Any ideas?Last edited by enkil on Wed Oct 24, 2007 11:44 am; edited 1 time in total

----------

## snIP3r

hi!

i don't know if this is a good idea but i would reinstall the cpufreqd and then restart the daemon. perhaps this might help...

HTH

snIP3r

----------

## enkil

I'm currently not using cpufreqd... I'm setting the governor to ondemand via cpufrequtils. I think this is a kernel-issue, because this problem onlyhappens with 2.6.23. I tried to shut down everything that could possibly control frequency scaling, but even when I'm on a console without X or acpid the same thing happens: When the CPU is under load for like 30 seconds, the max frequency is set to 1.00 GHz. When I change the governor to e.g. performance, max frequency is still set to 1.00 GHz.
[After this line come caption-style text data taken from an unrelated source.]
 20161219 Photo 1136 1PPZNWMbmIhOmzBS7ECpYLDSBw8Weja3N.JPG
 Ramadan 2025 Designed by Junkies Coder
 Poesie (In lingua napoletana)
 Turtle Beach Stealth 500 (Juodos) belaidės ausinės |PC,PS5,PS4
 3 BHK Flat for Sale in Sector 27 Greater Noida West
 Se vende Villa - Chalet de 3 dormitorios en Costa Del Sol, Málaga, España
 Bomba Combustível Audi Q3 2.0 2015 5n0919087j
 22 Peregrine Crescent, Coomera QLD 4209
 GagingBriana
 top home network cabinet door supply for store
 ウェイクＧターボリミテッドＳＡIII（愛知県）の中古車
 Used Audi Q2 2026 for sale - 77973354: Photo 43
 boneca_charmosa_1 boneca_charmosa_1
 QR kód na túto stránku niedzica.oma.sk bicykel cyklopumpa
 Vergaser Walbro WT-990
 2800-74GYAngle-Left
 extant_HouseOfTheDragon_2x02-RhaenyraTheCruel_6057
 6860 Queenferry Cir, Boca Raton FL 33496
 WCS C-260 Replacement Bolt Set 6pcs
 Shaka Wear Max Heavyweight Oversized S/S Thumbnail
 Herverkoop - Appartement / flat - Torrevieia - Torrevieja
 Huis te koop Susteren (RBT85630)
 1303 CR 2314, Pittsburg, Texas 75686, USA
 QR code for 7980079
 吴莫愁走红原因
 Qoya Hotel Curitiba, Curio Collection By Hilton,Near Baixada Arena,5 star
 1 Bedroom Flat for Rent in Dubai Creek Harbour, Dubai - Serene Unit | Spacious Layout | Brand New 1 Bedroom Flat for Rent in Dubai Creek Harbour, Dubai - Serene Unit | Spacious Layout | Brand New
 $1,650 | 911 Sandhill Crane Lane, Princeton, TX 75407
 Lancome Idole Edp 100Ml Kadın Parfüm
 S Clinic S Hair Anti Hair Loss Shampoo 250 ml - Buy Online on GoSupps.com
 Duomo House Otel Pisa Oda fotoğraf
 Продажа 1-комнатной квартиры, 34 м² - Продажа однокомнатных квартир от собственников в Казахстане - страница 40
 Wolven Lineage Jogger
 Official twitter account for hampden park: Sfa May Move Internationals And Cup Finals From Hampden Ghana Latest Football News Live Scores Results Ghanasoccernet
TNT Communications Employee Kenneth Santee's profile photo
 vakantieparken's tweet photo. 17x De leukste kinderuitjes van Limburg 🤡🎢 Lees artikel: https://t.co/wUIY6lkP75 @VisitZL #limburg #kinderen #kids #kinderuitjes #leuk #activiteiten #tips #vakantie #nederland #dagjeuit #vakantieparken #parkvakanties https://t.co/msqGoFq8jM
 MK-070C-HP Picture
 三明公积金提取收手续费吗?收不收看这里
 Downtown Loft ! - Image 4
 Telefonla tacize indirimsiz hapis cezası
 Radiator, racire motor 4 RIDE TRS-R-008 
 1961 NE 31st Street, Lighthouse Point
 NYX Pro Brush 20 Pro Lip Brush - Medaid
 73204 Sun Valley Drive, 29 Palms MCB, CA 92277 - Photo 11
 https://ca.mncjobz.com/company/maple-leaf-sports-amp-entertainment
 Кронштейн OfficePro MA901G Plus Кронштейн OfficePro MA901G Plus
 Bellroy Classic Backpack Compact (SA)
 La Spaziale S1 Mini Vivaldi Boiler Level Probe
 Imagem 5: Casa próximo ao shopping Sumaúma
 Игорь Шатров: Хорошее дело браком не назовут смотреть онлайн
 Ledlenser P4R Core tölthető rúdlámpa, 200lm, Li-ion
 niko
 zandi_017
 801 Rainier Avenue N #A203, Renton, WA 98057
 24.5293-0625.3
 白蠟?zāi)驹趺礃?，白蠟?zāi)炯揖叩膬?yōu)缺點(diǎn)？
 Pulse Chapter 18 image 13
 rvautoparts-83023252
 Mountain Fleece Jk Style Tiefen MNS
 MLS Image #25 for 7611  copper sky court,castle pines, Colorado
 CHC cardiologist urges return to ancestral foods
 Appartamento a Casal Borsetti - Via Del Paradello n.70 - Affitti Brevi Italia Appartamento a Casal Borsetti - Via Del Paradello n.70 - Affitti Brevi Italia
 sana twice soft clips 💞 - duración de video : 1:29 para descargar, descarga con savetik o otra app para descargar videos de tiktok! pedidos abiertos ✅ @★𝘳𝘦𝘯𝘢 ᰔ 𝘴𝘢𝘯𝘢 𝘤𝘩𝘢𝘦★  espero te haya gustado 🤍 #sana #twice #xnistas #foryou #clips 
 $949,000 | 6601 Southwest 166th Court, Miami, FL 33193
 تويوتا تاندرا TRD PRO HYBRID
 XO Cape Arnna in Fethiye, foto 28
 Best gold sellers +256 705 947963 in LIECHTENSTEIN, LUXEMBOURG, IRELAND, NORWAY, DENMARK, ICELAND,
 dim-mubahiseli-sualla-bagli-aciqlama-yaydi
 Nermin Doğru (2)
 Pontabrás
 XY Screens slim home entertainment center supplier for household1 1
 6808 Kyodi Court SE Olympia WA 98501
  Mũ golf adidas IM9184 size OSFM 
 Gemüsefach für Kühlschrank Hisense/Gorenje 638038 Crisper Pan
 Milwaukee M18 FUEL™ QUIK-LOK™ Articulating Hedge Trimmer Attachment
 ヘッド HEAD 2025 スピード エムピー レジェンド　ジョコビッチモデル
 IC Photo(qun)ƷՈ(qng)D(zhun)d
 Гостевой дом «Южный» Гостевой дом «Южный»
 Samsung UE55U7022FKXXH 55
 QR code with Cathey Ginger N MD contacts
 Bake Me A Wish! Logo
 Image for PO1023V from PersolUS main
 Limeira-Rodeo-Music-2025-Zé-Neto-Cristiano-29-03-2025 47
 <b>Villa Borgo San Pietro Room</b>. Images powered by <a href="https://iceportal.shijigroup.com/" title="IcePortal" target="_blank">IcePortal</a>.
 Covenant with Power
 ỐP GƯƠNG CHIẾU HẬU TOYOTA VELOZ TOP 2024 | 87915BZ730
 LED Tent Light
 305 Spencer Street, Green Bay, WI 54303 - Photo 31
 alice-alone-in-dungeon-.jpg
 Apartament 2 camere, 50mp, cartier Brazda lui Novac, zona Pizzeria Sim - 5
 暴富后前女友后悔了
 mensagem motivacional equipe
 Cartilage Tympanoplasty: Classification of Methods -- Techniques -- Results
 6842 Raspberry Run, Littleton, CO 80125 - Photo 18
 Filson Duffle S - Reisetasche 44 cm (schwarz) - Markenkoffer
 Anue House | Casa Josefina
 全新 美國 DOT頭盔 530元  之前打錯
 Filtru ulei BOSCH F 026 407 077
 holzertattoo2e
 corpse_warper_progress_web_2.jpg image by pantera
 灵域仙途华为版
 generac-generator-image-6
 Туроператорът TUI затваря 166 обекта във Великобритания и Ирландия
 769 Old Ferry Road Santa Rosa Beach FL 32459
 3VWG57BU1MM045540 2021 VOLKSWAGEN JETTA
When the CPU is idle again for maybe one minute, max frequency is returned to 2.00 GHz. Could be that acpi is trying to avoid overheating or something, but the CPU temperature is far below critical. Usually the CPU idles at 40-45°C, AFAIK the temperature gets critical way obove 100°C for mobile Core2Duo CPUs.

----------

## toralf

Do you use CONFIG_X86_ACPI_CPUFREQ or CONFIG_X86_SPEEDSTEP_CENTRINO ?

----------

## enkil

I'm using CONFIG_X86_ACPI_CPUFREQ. I tried using Enhanced Speedstep, but I get no frequency scaling at all with Enhanced Speedstep.

----------

## Ishiki

I've similar problem. My CPU is Core 2 Duo T5500 on a notebook. With 2.6.22 everything runs flawlessly, but 2.6.23 prevents me from using frequency scaling. I can't even load speedstep_centrino module (fails with 'no such device'), and I have CONFIG_X86_ACPI_CPUFREQ=y...

Any ideas ?

----------

## HymnToLife

 *Ishiki wrote:*   

>  I can't even load speedstep_centrino module (fails with 'no such device'), and I have CONFIG_X86_ACPI_CPUFREQ=y...
> 
> Any ideas ?

 

Load acpi-cpufreq instead.

----------

## toralf

 *HymnToLife wrote:*   

>  *Ishiki wrote:*    I can't even load speedstep_centrino module (fails with 'no such device'), and I have CONFIG_X86_ACPI_CPUFREQ=y...
> 
> Any ideas ? 
> 
> Load acpi-cpufreq instead.

 And furthermore the centrino modul is deprecated in future kernel versins and fully replaced by the acpi module.

----------

## HymnToLife

 *toralf wrote:*   

>  *HymnToLife wrote:*    *Ishiki wrote:*    I can't even load speedstep_centrino module (fails with 'no such device'), and I have CONFIG_X86_ACPI_CPUFREQ=y...
> 
> Any ideas ? 
> 
> Load acpi-cpufreq instead. And furthermore the centrino modul is deprecated in future kernel versins and fully replaced by the acpi module.

 

Well, it's been like this since 2.6.19

----------

## Ishiki

Yes, acpi-cpufreq, in theory, should support Core 2 Duo, but only in theory, as modprobe acpi-cpufreq results in "no such device".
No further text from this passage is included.